C’è questo articolo, no?, il 50 della Legge 35 del 4 aprile 2012 (che converte in legge il DL 5 del 2012), che prevede la costituzione di reti territoriali tra istituzioni scolastiche, occhei? Bene. L’idea è bellissima: più scuole si mettono assieme e si uniscono per gestire in maniera ottimale le proprie risorse, umane, strumentali e finanziarie. Ne deriva la possibilità di definire un organico di rete: i docenti, invece di essere assegnati ad un unico istituto, sono assegnati a tutti gli istituti che compongono la rete, in funzione dei progetti ai quali partecipano e che vengono condivisi fra le scuole, soprattutto per le questioni legate all’integrazione scolastica ed all’inclusione. Figata!, bene. Ma quel cretino d’un articolo alla fine dice: tutto ciò, nei limiti previsti dall’art. 64 del DL 112/25 giugno 2008, convertito, con modificazioni, dalla L 133/6 agosto 2008, e successive modificazioni. Tradotto: nei limiti fissati dalla Riforma Gelmini, che ha come ritornello la “riduzione complessiva degli organici del tot %”. Ma vaffa, va’.
Un americano può chiederti l’amicizia su Feisbuc perché gli è piaciuto un casino un filmato in cui un tizio suona Comfortably Numb su un iPhone, e visto che ‘sto tizio si chiama Leonardo Muccari lui pensa bene di chiedere l’amicizia a tutti quelli che hanno un nome simile per cercare il tizio e fargli tanti tanti complimenti. Occheione.
(Mi sa che ne faccio una rubrica quotidiana. Che è bello, a mezzo secolo, scoprire che ogni giorno ne impari una nuova.
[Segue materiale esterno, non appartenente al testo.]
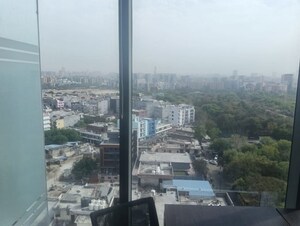  Office Space – Exterior View View at Sector 62 - for Rent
E quindi)
COSE CHE HO IMPARATO OGGI
Vygotskij appartiene a quella serie di genî che, ‘tacci loro, crepano troppo presto (38 anni, ma dai!). La sua teoria della zona dello sviluppo prossimale è una delle cose allo stesso tempo più semplici e rivoluzionarie che la storia della pedagogia abbia mai affermato.
Dicheno che a non far dire le parolacce agli studenti, e a sorvegliare il loro linguaggio, e a invitarli ad usare espressioni formalmente corrette, il loro rendimento migliora. Dovrò cambiare completamente metodo e approccio, cazz… ehm, mannaggia.
Sono troppo grezzo e ignorante per apprezzare alcune cosette. Per dire, le Kantaten di Bach mi paiono tutte uguali e in fondo in fondo madò che rottura di palle.
La vita in fondo è semplice. C’è chi per essere contento gli basta solo che qualcuno metta un like sotto la sua foto di un limone.
Prima di dire che un ragazzo che evidenzia certi problemi ha un Dsa, l’insegnante deve attivare un percorso di recupero sistematico e mirato ai bisogni di quel ragazzo; solo se il percorso fallisce e i problemi continuano a manifestarsi si invita la famiglia a contattare uno specialista. Insomma, pensa te, non si tira a indovinare e non è una questione di “sensibilità”.
C’è gente che non aveva idea di cosa significasse il marcire delle patate in casa. C’è gente che forse ne ha idea o forse non ne ha idea, ma che comunque è stata testimone di esperienze domestiche di decomposizione che neanche i netturbini di Calcutta. E te le racconta, il/la maledetto/a, con dovizia di particolari.
Alla riga 5, la mia bisnonna Elisabetta, 33 anni. Alla riga 6 sua figlia Maria, 16 anni. Alla riga 7 suo figlio. Mio nonno, Vito. Tre anni. Rosario, il mio bisnonno, stava già a Brucculino e li aspettava. Non fatico a appiccicare sui visi di chi sbarca a Pozzallo o a Lampedusa quelli di Elisabetta e di Maria, del piccolo Vito. Anche se in Italia, nel 1903, non c’era guerra. E c’era, bene o male, uno Stato. Ma c’era anche miseria e fame. E allora si partiva. Perché se si ha fame, Cristo, si ha il diritto di partire. Stipati in 1100 sulla Sicilian Prince, tutti in terza, ché la prima tiene posto solo per venticinque ricchi. Quindici giorni di traversata. Chissà che paura, du fimmine e chidd’avutru, nicareddu nicareddu.
Paura o no, si andava. Si aveva da andare. Dal 1875 al 1913, quasi quattordici milioni. Su trentatrè. Che strana gente. Che strana specie di gente, ad affrontare l’oceano per una speranza di bene, per il sogno di un di più. Che strana specie, poi, a fare presto ad abituarsi al comodo, e a dimenticare. Che strana specie che è, la specie umana.